- _Problem description_
Each entry below should appear again exactly as written, without pictures.

(Extracted records)
━━━━━━━━━━

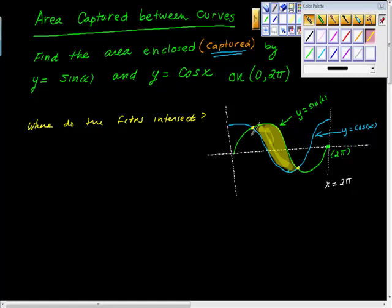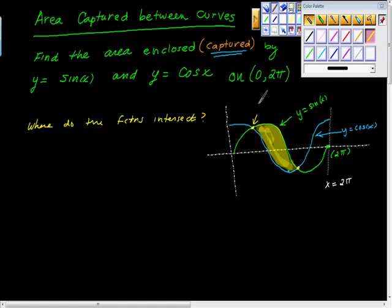Maybe the answer is not intuitive to you. However, if we just go to the unit circle and check that out — because this x and y value is the same — remember that when we look at trigonometric functions, the x value is cosine x and the y value is sine x. So if you go to the unit circle and look in quadrant one, because it's from 0 to 2π...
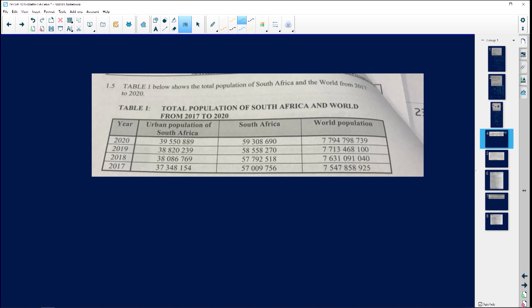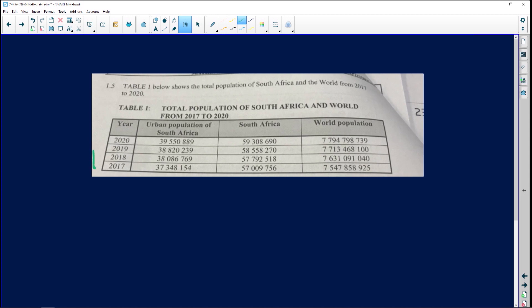This question is about the total population of South Africa. The table shows the total population of South Africa and the world from 2017 to 2020. We can see it starts down here and goes all the way up, from 2017 at the bottom going up. It shows urban population for South Africa and then we've got world population.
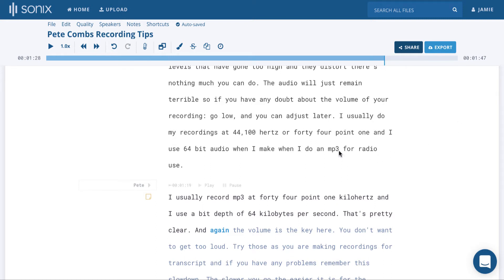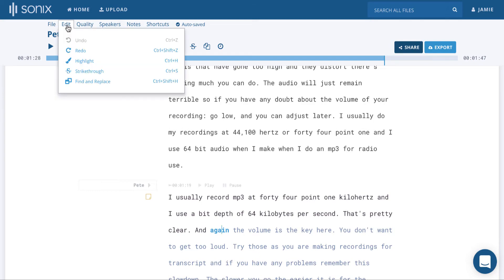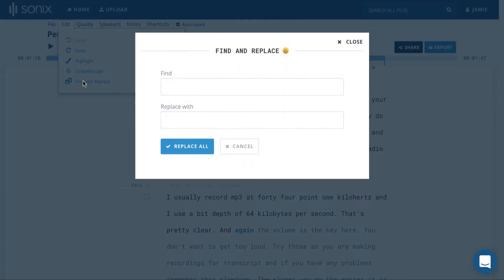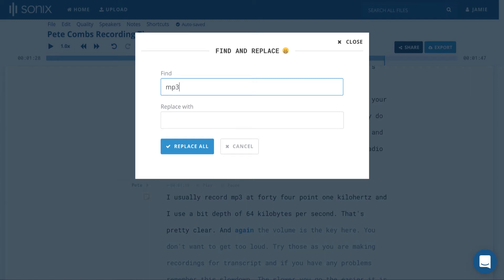Here I want to change the word mp3 in these two locations to uppercase. I click on Edit, click Find and Replace, find the lowercase mp3 and replace with uppercase mp3.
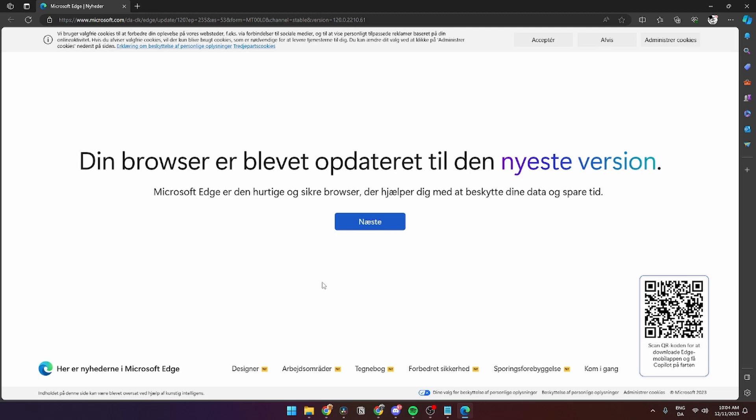In this video, I'll show you how to remove credit card details on Microsoft Edge. It's super simple.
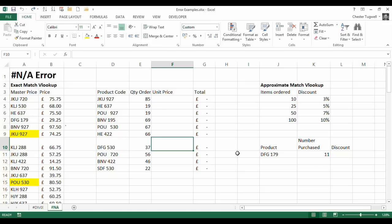Hi it's Chester Togba from Blue Pecan Computer Training. In this video we are going to look at the NA error, why it occurs in Excel and how you can deal with it.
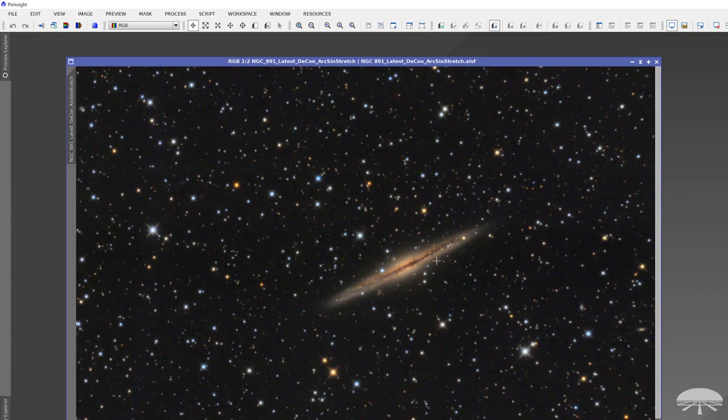You know, usually an astrograph, like a reflector, an 8-inch, or we have an 8-inch F3.9. That's super fast. Those exposures could be really short. So just keep that in mind. This is F8, and still only two-minute exposures, 50 of them stacked. So that's like a little over an hour and a half of exposure.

━━━━━━━━━━

- _Output of the exercise_
Maybe the answer is not intuitive to you. However, if we just go to the unit circle and check that out — because this x and y value is the same — remember that when we look at trigonometric functions, the x value is cosine x and the y value is sine x. So if you go to the unit circle and look in quadrant one, because it's from 0 to 2π...
This question is about the total population of South Africa. The table shows the total population of South Africa and the world from 2017 to 2020. We can see it starts down here and goes all the way up, from 2017 at the bottom going up. It shows urban population for South Africa and then we've got world population.
Here I want to change the word mp3 in these two locations to uppercase. I click on Edit, click Find and Replace, find the lowercase mp3 and replace with uppercase mp3.
In this video, I'll show you how to remove credit card details on Microsoft Edge. It's super simple.
Hi it's Chester Togba from Blue Pecan Computer Training. In this video we are going to look at the NA error, why it occurs in Excel and how you can deal with it.
You know, usually an astrograph, like a reflector, an 8-inch, or we have an 8-inch F3.9. That's super fast. Those exposures could be really short. So just keep that in mind. This is F8, and still only two-minute exposures, 50 of them stacked. So that's like a little over an hour and a half of exposure.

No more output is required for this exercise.